Most of the students were nominal Christians or immature Christians. They were raised with a globalistic, pluralistic perspective, and this background left many of them confused about what they believe and how they should live their lives. The students needed help, not just another person with limited perspective preaching at them. The spiritual training actually shifted a lot of students from, loosely speaking, Christian, to Agnostic. some even became interested in other religions. (When annoying people say something is bad, that something becomes more appealing.)

Actually, I don’t really blame the church. I don’t expect a church to be competent to train teenagers who have already become rather disillusioned by religion. But the school should have known better. The leadership of the school had no denominational or theological affiliation with that church. They said YES to the church helping simply because it made their own lives easier, not having to develop a spiritual formation curriculum or a set of trainers themselves.

This story is a caution to me. I have seen many a teacher/trainer who has led people astray. Sometimes it is with bad example, but often it is just by making the Gospel so unappealing, that a different ‘gospel’ looks better… or even no gospel at all.

This story also reminds me of two passages of Scripture, and they serve as a caution to me:

And whoever welcomes a little child like this in My name welcomes Me. But if anyone causes one of these little ones who believe in Me to stumble, it would be better for him to have a large millstone hung around his neck and to be drowned in the depths of the sea.  -Matthew 18:5-6

Not many of you should become teachers, my brothers, for you know that we who teach will be judged with greater strictness.  James 3:1

Missions Starts in the Home

Missions is an educational pursuit.  Consider the verses Deut 6:4-9

“Hear, O Israel: The LORD our God, the LORD is one. Love the LORD your God with all your heart and with all your soul and with all your strength. These commandments that I give you today are to be upon your hearts. Impress them on your children. Talk about them when you sit at home and when you walk along the road, when you lie down and when you get up. Tie them as symbols on your hands and bind them on your foreheads.
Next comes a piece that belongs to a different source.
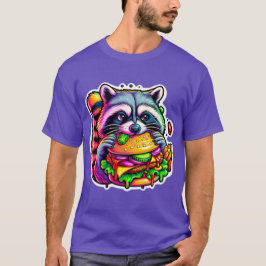RACCOON EATING CHEESEBURGER 8 T SHIRT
Write them on the doorframes of your houses and on your gates.”

I have no interest in trying to do a solid exegesis of this passage, but consider the wording and the imagery and see how it connects with a number of topics in eduction theory.  Consider the following:

Systems of Learning:

Feeling:   Love God with all your heart

Thinking:   Love God with all your soul (mind)

Doing:   Love God with all your strength

Modes of Learning:

Auditory:   Hear, O Israel, Talk about them

Visual:   Symbols, Write them

Tactile/Kinesthetic:   Impress them, tie them, bind them When                     sitting/walking

Learning Theories

Cognitive Information:  God is one. Talk about it. Memorize Commands.

Behavioral Behavior: Mark head, hands, and doors as reminders. Obey commands

Humanistic Feelings/Values: Change value system. Have individualized instruction and incorporate it with everyday behavior. Express Love.

The Christian educator needs to integrate knowledge, values, attitudes, skills in such a way that the learner will have a change of heart, head, and hands. Creative teaching is a must to reach out effectively to all learners. Use multi-media for instruction. Recognize that learning is not just knowledge, not just understanding, not just skills, but values and attitudes as well.